- Aspirante a la Compañía de Jesús
En la segunda semana del mes de oración Ignaciana, Dios nos envolvió de insondable amor, y nos invitó a un caminar por cinco días en el desierto. Aquí tan solo un pequeño esbozo de nuestra experiencia:
El primer día interpeló al silencio. Nos desafió a apagar todo sentido y habitar en la nada, y ahí al borde de lo inútil y difícil que resulta callar, empezó el camino de enamorarnos a quienes ya nos ha amado desde el vientre. Pacientemente volvió a susurrarme que me conoce, rodea, levanta y habita; reafirmó que tejido estoy por él y que nos tiene marcado nuestro nombre en las palmas de sus manos.
De sentir a Dios en nuestras vidas, ocupamos el segundo día. En lo personal me dijo que gritara, y allá en el desierto, culposo y deseoso ensordecí de mis congojas ¡nadie escucho! solo él; y la jornada terminó venciendo el varias de mis resistencias. Un sentimiento de absoluto vacío quedó y quedará resonando.
Siendo vencido, en el tercer día nos invitó a aceptarnos como somos. Me pregunte: ¿Por qué Dios me hizo gritar mis congojas? Y si las escucho: ¿aún me ama? Y me contestó “porque te aprecio, eres de gran valor y yo te amo, ya no recuerdes el ayer, ni pienses en cosas del pasado, yo voy a hacer algo nuevo” (Isaías 43). Entonces sentí que la única y verdadera sinceridad es la de Dios, quien no rechaza ni humilla pese a nuestro pecado, pero nos desafía al cambio, tal es su sinceridad que ante el nada le puede ser escondido, nada.
Sintiéndome reconocido y amado, en el cuarto día alabamos a Dios, y yo lleno de ternura y de nostalgia por haberme apartado de él, como San Agustín le dije tarde te amé, ¡pero aquí estoy Señor! Tú me llamaste; y evocando los salmos agradecí contemplativamente por su ternura, compasión, paciencia y todo amor (Salmo 103).
El último día, reconociéndome amado y libré para escoger la vida a su lado, me indagué que era Dios para mí: amigo, padre, confidente… al final como siempre y basta con decirlo “el es”; y su amor gravita, enternece, pacífica y sondea.

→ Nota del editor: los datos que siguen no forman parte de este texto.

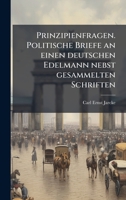 Prinzipienfragen. Politische Briefe an einen deutschen Edelmann nebst gesammelten Schriften 1023841657 Book Cover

Cada jornada terminó con la pausa Ignaciana, comunicándonos entre todos, cómo Dios nos experimenta y ama a cada uno en el desierto, y cómo fuimos capaces gustarle en el silencio; y junto a nuestros acompañantes espirituales compartimos el anhelo de una vida centrada en el corazón de Cristo como único centro de nuestra profundidad, desafiados a servir en amor, porque Aquel que nos ama nos quema por dentro y nos dice que todo es posible.